Effect of acupuncture for temporomandibular disorders: a randomized clinical trial

This randomized controlled clinical trial investigated the efficacy of acupuncture in the treatment of temporomandibular disorder (TMD), a condition that affects 11-33% of the population and represents the leading cause of facial pain and the second leading cause of musculoskeletal conditions. The study was conducted at a traditional Chinese medicine hospital in Beijing, between April 2019 and July 2022, following rigorous methodological standards including adequate randomization, blinding of participants and assessors, and intention-to-treat analysis. Sixty participants with pain-related TMD, diagnosed by DC/TMD criteria, were randomized to receive real or sham acupuncture. The real acupuncture group received treatment at specific points (LI-4 and GB-34 bilaterally, SI-19, ST-6, and ST-7 on the affected side) with stainless steel needles penetrating the skin and de qi elicitation.

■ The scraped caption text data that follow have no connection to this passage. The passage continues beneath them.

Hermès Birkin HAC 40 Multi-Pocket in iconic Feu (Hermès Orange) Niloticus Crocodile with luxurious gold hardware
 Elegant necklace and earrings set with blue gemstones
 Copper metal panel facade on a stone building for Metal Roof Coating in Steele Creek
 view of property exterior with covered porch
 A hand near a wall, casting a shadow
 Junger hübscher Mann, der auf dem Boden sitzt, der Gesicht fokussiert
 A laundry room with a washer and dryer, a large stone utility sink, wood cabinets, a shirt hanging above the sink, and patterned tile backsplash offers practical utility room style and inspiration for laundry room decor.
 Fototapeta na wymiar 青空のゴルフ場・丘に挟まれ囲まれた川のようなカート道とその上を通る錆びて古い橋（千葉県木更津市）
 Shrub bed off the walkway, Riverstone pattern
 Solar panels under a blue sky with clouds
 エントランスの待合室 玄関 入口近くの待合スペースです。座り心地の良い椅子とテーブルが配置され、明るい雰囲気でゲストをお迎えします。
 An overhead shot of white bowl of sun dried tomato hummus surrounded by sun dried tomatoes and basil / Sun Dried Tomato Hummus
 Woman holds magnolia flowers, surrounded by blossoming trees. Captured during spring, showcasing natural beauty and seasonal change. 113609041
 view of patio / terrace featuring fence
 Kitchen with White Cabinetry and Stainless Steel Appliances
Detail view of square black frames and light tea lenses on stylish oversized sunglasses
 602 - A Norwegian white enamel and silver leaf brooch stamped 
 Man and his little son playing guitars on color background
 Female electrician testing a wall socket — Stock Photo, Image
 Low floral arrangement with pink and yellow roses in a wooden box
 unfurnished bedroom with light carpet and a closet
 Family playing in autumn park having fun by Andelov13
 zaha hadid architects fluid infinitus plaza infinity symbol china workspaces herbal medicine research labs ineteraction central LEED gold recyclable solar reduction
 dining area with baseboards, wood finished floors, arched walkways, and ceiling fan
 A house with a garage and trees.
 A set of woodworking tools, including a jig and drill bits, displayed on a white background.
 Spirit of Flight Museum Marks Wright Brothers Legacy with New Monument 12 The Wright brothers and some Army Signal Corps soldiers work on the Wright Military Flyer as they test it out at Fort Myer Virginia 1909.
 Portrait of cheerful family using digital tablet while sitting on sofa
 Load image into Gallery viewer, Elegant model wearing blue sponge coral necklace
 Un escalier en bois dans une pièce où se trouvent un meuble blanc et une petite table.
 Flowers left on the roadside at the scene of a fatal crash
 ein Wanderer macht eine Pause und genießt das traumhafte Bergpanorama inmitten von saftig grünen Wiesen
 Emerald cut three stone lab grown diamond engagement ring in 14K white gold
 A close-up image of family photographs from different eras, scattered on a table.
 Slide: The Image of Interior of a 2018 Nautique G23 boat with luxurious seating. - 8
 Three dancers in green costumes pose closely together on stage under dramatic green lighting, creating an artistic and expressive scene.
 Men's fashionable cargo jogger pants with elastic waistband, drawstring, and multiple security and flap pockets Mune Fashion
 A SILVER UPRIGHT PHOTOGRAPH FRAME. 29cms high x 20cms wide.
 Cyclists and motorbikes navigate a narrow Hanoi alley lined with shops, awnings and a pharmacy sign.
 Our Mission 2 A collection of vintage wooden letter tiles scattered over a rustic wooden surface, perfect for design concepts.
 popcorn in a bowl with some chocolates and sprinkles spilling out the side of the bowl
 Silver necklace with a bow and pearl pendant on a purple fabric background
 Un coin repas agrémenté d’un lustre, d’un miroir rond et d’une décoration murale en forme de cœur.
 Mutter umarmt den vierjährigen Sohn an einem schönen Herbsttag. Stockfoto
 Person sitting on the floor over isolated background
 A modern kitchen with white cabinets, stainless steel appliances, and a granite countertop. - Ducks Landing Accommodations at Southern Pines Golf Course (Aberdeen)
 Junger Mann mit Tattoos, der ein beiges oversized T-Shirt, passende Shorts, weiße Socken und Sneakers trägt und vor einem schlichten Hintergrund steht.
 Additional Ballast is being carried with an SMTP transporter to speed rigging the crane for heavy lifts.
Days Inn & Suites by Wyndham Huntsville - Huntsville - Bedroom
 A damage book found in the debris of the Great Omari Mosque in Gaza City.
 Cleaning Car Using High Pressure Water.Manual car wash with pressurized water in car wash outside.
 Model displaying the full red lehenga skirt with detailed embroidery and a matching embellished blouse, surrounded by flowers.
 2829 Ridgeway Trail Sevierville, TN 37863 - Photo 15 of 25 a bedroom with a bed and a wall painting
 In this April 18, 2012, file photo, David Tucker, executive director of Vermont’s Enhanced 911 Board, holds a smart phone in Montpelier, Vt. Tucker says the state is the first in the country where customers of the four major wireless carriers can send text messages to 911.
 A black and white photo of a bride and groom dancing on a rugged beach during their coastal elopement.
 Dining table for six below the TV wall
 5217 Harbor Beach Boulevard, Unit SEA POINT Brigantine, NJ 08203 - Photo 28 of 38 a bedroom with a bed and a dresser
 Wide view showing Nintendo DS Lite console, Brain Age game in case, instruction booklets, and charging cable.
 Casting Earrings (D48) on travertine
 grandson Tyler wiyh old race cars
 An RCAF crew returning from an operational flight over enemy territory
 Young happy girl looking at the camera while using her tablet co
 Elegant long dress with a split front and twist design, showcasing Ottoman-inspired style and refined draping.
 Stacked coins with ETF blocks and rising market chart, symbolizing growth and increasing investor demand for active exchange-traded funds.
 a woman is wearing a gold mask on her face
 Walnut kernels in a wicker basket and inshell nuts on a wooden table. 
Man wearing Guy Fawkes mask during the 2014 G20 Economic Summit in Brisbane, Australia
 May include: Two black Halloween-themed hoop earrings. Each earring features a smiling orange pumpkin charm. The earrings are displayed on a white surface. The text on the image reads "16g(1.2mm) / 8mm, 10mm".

The control group received sham acupuncture using the Park device with blunt needles that did not penetrate the skin, maintaining the appearance of real treatment. Both groups received three weekly sessions for four weeks, totaling 12 sessions. The primary outcome was the change in mean weekly pain intensity from baseline to week 4, measured by visual analog scale in pain diaries completed by patients. The results demonstrated significant superiority of real acupuncture over sham.

The difference in pain reduction was -1.49 points (95% CI: -2.32 to -0.65; P<0.001) at week 4, remaining significant at week 8 (-1.33 points; P=0.001). Clinically, 86.7% of patients in the acupuncture group achieved at least 30% pain reduction compared to 43.3% in the sham group, while 53.3% versus 20.0% achieved at least 50% reduction. In addition to pain improvement, real acupuncture produced significant improvements in mandibular function, including pain-free mouth opening, maximum assisted and unassisted opening, and protrusive and lateral movements. Participants also experienced significant reductions in graded chronic pain scales, jaw functional limitations, depression, anxiety, stress, and sleep quality.

Interestingly, no significant differences between groups were observed in pressure pain thresholds or surface electromyography, suggesting that the mechanisms of action may be more central than peripheral. Safety was excellent, with only two mild adverse events in the acupuncture group (subcutaneous hematoma and post-needling pain) and none in the sham group. Blinding was effective, as evidenced by the Bang index and balanced distribution of participants' perceptions of which treatment they received. The clinical implications are substantial, considering that conservative treatment options for TMD are limited and often have questionable efficacy or adverse effects.

Acupuncture demonstrated effect sizes comparable to pharmacological treatments such as propranolol (-1.8) and botulinum toxin (-1.16), but with a superior safety profile. The study has limitations including being single-center, a relatively small sample, the impossibility of blinding acupuncturists, and a cultural context favorable to acupuncture in China. However, the methodological strengths, including use of validated diagnostic criteria, diary-derived outcomes to avoid recall bias, excellent participant retention, and exploration of long-term effects, lend high credibility to the findings.